Tensor Cores
Tensor cores are specialized hardware accelerators designed to optimize matrix operations, which are crucial for deep learning and artificial intelligence algorithms.
Enabling tensor cores can be as straightforward as modifying a single line of code in the existing matmul_kernel
function:
mma = make_tiled_mma(MMAOP_8x8x4_F32F16F16F32_NT(),
atom_layout,
tiler)
The NT in MMAOP8x8x4F32F16F16F32_NT indicates that A is in M-major order and B is in N-major order.
Let's explore a minimal example
mma = make_tiled_mma(MMAOP_16x8x8_F32TF32TF32F32_TN())
print_typst(mma)
At first glance, the diagram may seem complex, but the concept is straightforward: the threads collective load data from matrices A
and B
according to the specified layout.
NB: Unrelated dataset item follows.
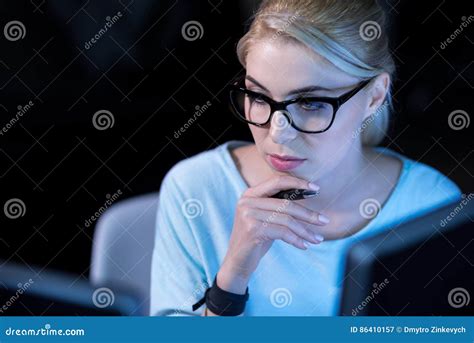 Involved Female Programmer Practicing Skills In The Office Stock Image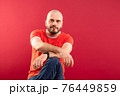 A middle-aged man with a beard in a red T-shirt on a red background joyfully points to the right. Isolated. 76449859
During the matrix multiply-accumulate (MMA) computation, data is internally shared among threads—a process that is not transparent to the user. Once the computation is complete, each thread stores the results as dictated by the layout of matrix C
shown in the illustration.
function matmul_kernel(A, sA_layout, copy_A,
B, sB_layout, copy_B,
C, mma)
sA = MoYeSharedArray(eltype(A), sA_layout)
sB = MoYeSharedArray(eltype(B), sB_layout)
mA = MoYeArray(A)
mB = MoYeArray(B)
mC = MoYeArray(C)
bM = size(sA_layout, 1)
bN = size(sB_layout, 1)
bK = size(sB_layout, 2)
gA = @tile mA (bM, bK) (blockIdx().x, :)
gB = @tile mB (bN, bK) (blockIdx().y, :)
gC = @tile mC (bM, bN) (blockIdx().x, blockIdx().y)
# copy partition
thr_copy_a = get_slice(copy_A, threadIdx().x)
tAgA = partition_S(thr_copy_a, gA) # (CPY, CPY_M, CPY_K, k)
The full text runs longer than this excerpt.